Researchers reveal problems with public health tweets during the first months of the pandemic

An analysis of thousands of tweets from the first months of the pandemic shows Canadian public health agencies at all levels struggled to deliver messages that were consistent, clear, and relevant to the communities they served. (Shutterstock image)


An analysis of thousands of tweets from the first months of the pandemic shows Canadian public health agencies at all levels – local, provincial, and federal—struggled to deliver messages that were consistent, clear, and relevant to the communities they served.

The findings by researchers at McMaster and the universities of Waterloo and Toronto, published online in the journal Health & Place, covered the six months beginning Jan. 1, 2020 – the day China reported its first outbreak to the World Health Organization.

The researchers studied nearly 7,000 tweets authored by public health agencies and officials across Canada.

A record number of people turned to Twitter for information as the global crisis spread.  In the first three months of the pandemic, the platform reported a 24-per-cent increase in daily users, compared to the same period in the previous years. Some 15 million Canadians use Twitter each month.

The researchers found public health agencies focused first on sharing expert information, then shifted to encouraging preventive measures such as staying at home and social distancing. But in many cases, their tweets failed to reflect local circumstances and disease transmission levels, which varied widely across different populations and regions.

The analysis also revealed a lack of messages to acknowledge uncertainties and public concerns or address the spread of misinformation, with only 2 per cent of tweets aimed at debunking myths.

During a public health crisis, communicating risks while acknowledging uncertainty is important for building trust and promoting the adoption of public health measures, the researchers say.

“It has been critical for public health officials, who are often considered trusted experts, to provide quick and clear information on disease transmission, what constitutes safe and risky behaviour and what community supports are available to slow the spread of the virus,” says Catherine Slavik, lead author of the study and a graduate student in the School of Earth, Environment and Society at McMaster.  She conducted the work under the supervision of Niko Yiannakoulias.

“Tweets that focus on community efforts to fight the pandemic, highlighting nurses as local heroes, for example, are really important for building institutional trust, for establishing human connections between the community and local officials who are there to serve them,” she says.

“We were surprised public health officials did not put more emphasis on messages showcasing people coming together or local programs helping to keep us safe.”
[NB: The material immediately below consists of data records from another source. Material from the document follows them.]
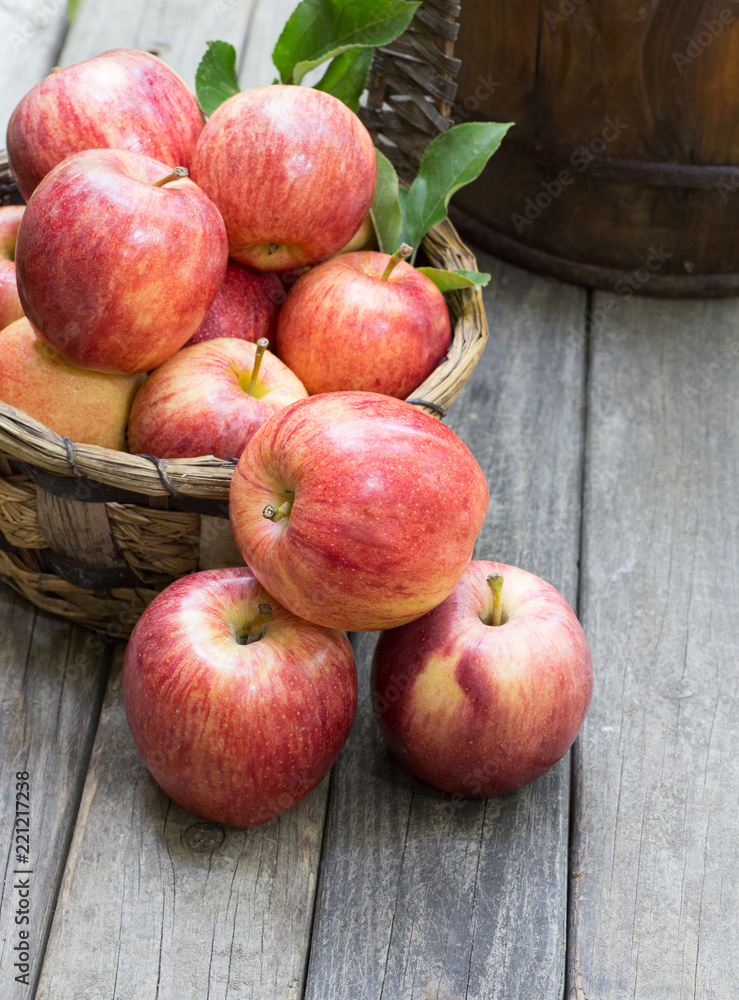 Fresh Red Apples on a Rustic Wooden Surface Fresh Red Apples on a Rustic Wooden Surface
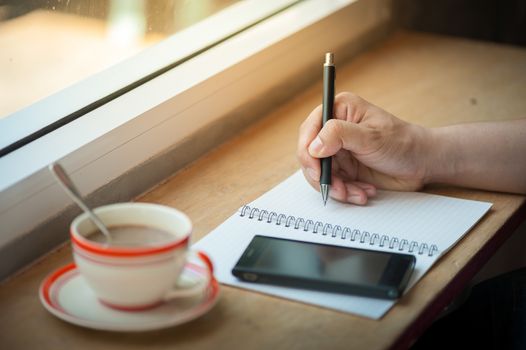 Male right hand writing on notebook with smart phone and coffee cup on wood bar beside window in cafe in morning time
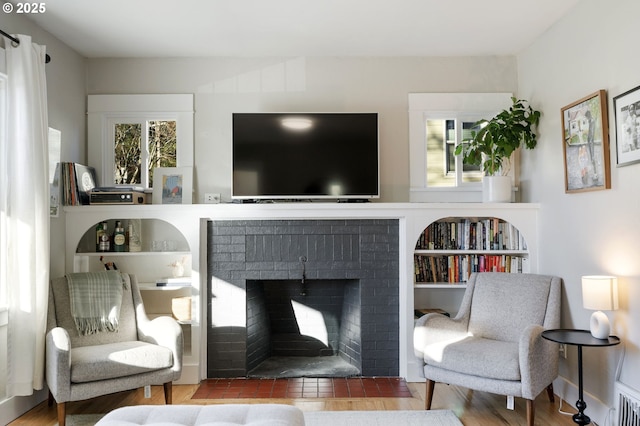 sitting room featuring a fireplace and hardwood / wood-style floors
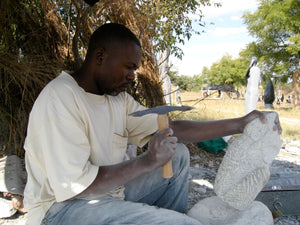Artist Peter Chidzonga at work creating a beautiful stone sculpture. 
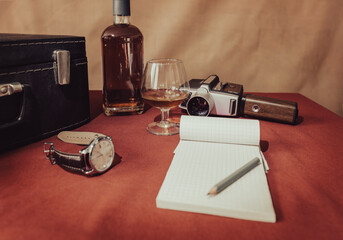 Bottle, glass, wrist watch, notebook and old movie camera on red table. Still Life. Retro composition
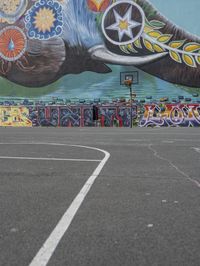 a painted elephant is pictured in front of a building with a wall on it's side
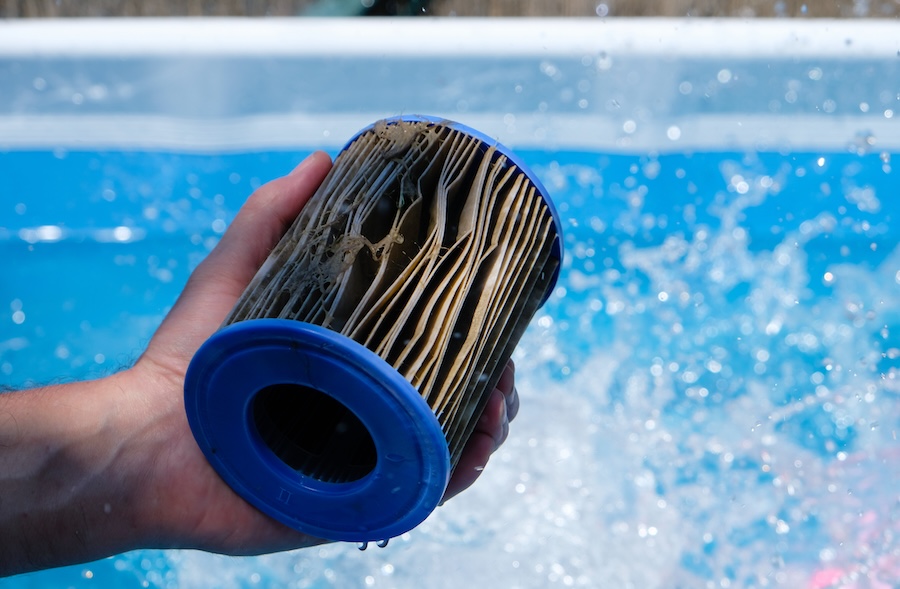 Dirty Replacement Pool Filter Cartridge in a man's hand on water splash background.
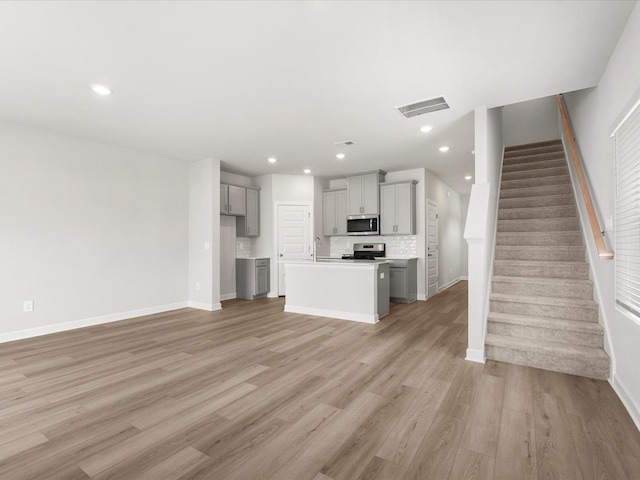 126 Arrow Ct, Greer, SC 29651 - unfurnished living room with light wood-style floors, stairs, and recessed lighting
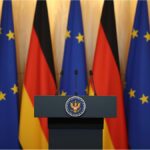 German government podium symbolizing discussions on Syria deportation policy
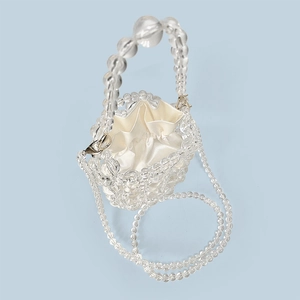 Detail view of handmade clear acrylic beaded bag with cream satin drawstring liner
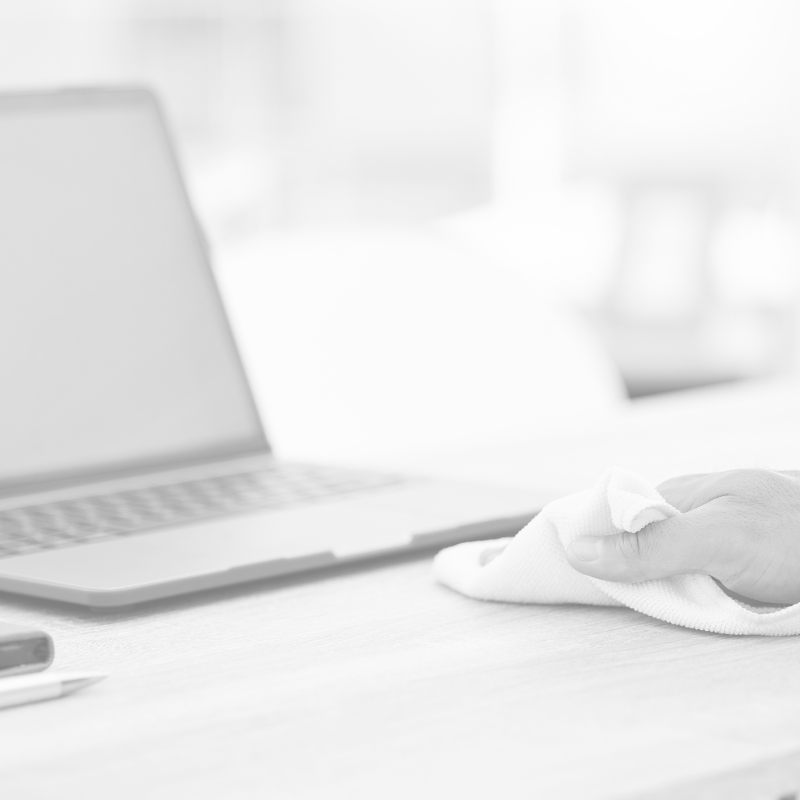Tisch wird mit einem Mikrofasertuch neben einem Laptop gereinigt.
Slavik points to some regions which did well at highlighting community-based initiatives, including public health agencies and personnel in British Columbia. The province fared well early in the pandemic compared to others.

The analysis also revealed a divide between urban and rural public health accounts. While urban communities had much higher rates of transmission of COVID-19, their accounts focused on sharing information rather than promoting preventive measures and actions that could have driven community transmission down.

Conversely, researchers found rural community accounts directed behavioural change when the community would have benefited from receiving more information about evolving risks.

“The prevalence of COVID-19 has changed over time within and across geographies. We didn’t always see the risk communication from public health accounts match the changing circumstances,” says Connor Darlington, a PhD student in the department of Geography and Environmental Management at the University of Waterloo, who conducted the data analysis.

“I think that is one of the areas for improvement: catering messaging and risk communication information to the community based on the local COVID-19 situation,” he says.

Researchers found that while some local public health units in Ontario and elsewhere delivered appropriate messaging related to their circumstances, the accounts did not have large numbers of followers.

“The most important lesson from this work is that there is a real need for local accounts.  We need them to be in tune with the local population on information, messaging, and what residents find helpful,” Slavik says.

“But there is also a need for these accounts to engage with local residents and build that online following so that people know where they can go to find the information most relevant to their community.”